In seinen Weihnachtspredigten im Passauer Dom St. Stephan hob Bischof Stefan Oster SDB den tiefen Sinn dieses Festes hervor: Mit dem wehrlosen Kind sei Gott selbst in eine verletzte und verwundete Welt gekommen, um den Menschen Heilung zu bringen.
Zwischen dem paradiesischen Anfang der Schöpfung und dem Kommen des Erlösers liege das, was Christen den Sündenfall nennen: „Oder nennen Sie es einfach: die innere und äußere Entfernung der Menschen von Gott.“ Der Mensch misstraue seither Gott und seiner Ordnung von Liebe und Wahrheit. Er sei geneigt, sich selbst zum Maßstab seines Denkens und Handelns machen. Alles solle sich um den Menschen und seine eigene Sinnstiftung drehen – unabhängig von der Gottes, so der Bischof. Anhand des Gleichnisses vom verlorenen Sohn zeigte Bischof Oster auf, wie mit solcher Selbstbezogenheit oftmals auch die Erfahrung von Scheitern, Sinnverlust und gähnender Leere einhergehe. Doch gerade am tiefsten Punkt seines Scheiterns, habe sich der verlorene Sohn an die großherzige, treue Zuwendung seines Vater erinnert.
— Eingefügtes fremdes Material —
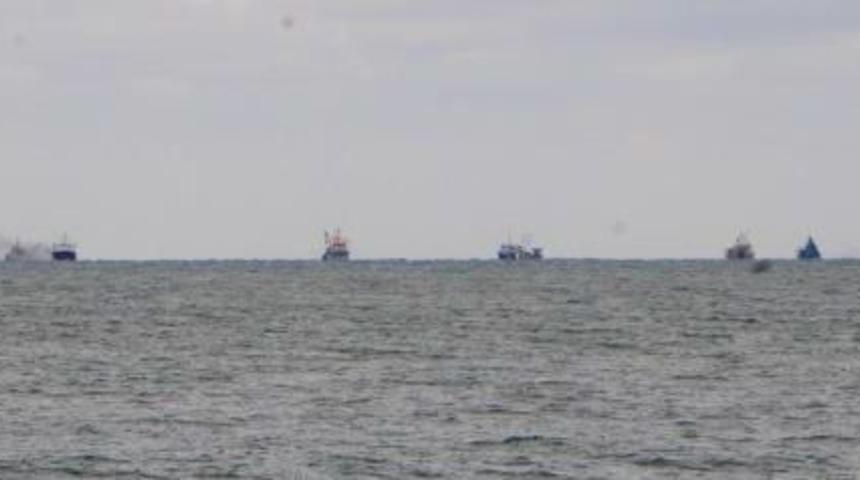 Hamsi avındaki balık&ccedil;ı teknesinde yangın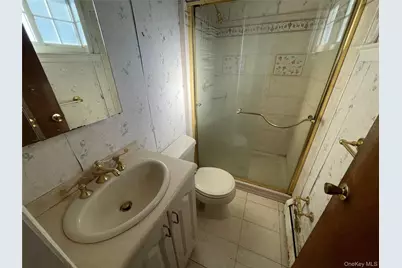 840 Robin Court, Baldwin, NY 11510 - Photo 31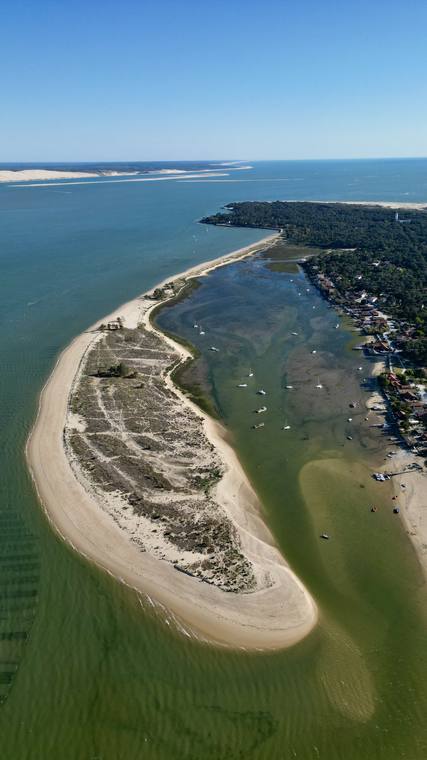 Flèche de sable à la pointe du Cap Ferret, vue aérienne verticale par drone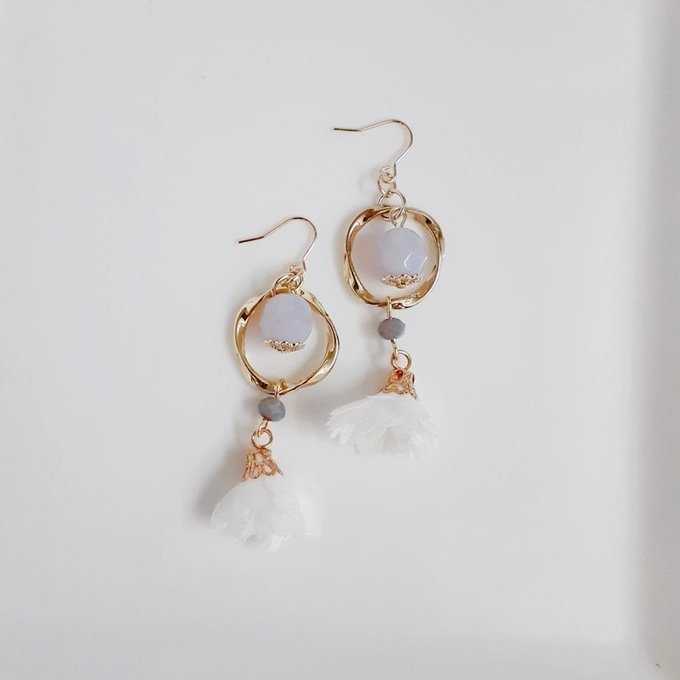 ひねりフープとフラワータッセルのお洒落ピアス/イヤリング(ホワイト)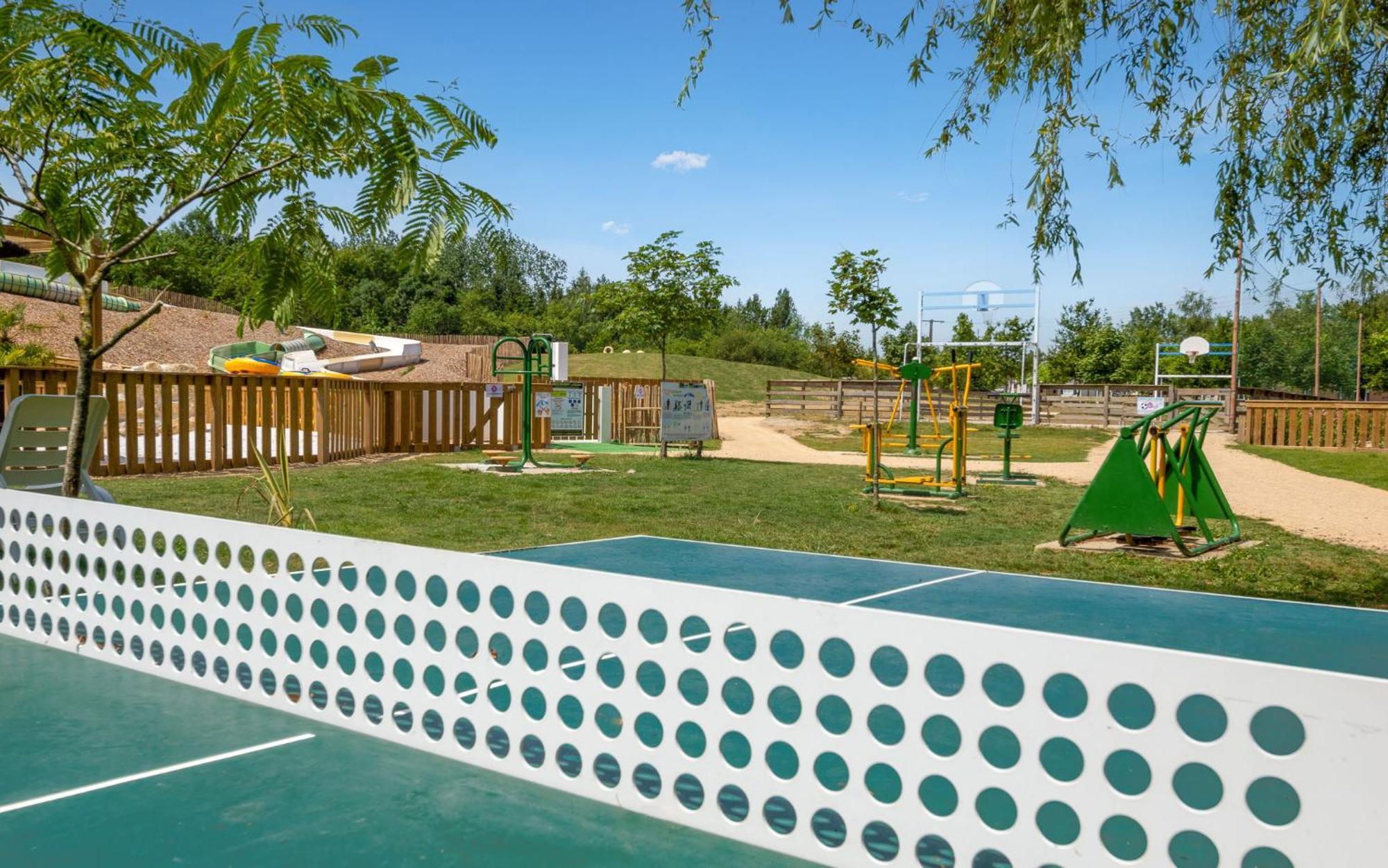 Camping Aubigny-Les Clouzeaux Aubigny  Exterior foto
Und sei heimgekehrt zu ihm.
„Jesus ist auf diese Welt gekommen, damit wir erkennen, dass letztlich aller Sinn, alle Liebe, alles Leben von Gott geschenkt wird – und nicht von uns gemacht werden kann oder gekauft werden muss.”
Der Bischof betonte auch: “Ohne Reue, ohne Umkehr, ohne die Anerkennung, dass Gott wirklich Gott ist und nicht ich selbst – ohne die gibt es keinen Zugang zu dem, was Jesus das Reich Gottes nennt“. Deshalb gebe es Weihnachten: Jesus sei auf diese Welt gekommen, „damit wir erkennen, dass letztlich aller Sinn, alle Liebe, alles Leben von Gott geschenkt wird – und nicht von uns gemacht werden kann oder gekauft werden muss.“ Sinn könne gefunden werden, entdeckt werden, er könne angenommen und gepflegt werden, er könne durch unsere Mitwirkung wachsen – aber er könne nie einfach selbst gemacht werden.
„Der angemessene Umgang mit der verwundeten Schöpfung setzt Menschen voraus, die selber wissen, wo sie heiler werden – nämlich bei dem, der der Heiland genannt wird.”
Tief in unserem Herzen wüssten wir das, so der Bischof: „Dass man Liebe oder echte Freundschaft oder Vertrauen nicht einfach kaufen oder machen kann. Wir wissen, dass es bei dem, was im Leben am allerwichtigsten ist, im Grunde alles Geschenk ist, alles Gabe ist, die wir nur dankbar annehmen und pflegen können.“ Hier sei die Quelle innerer Heilung, so Oster, und er fügte hinzu: Nicht nur für den einzelnen Menschen, sondern auch für die Wunden der Gesellschaft und unserer verwundeten Natur. Der angemessene Umgang mit der verwundeten Schöpfung setze Menschen voraus, die selber wissen, wo sie heiler werden – nämlich bei dem, der der Heiland genannt wird.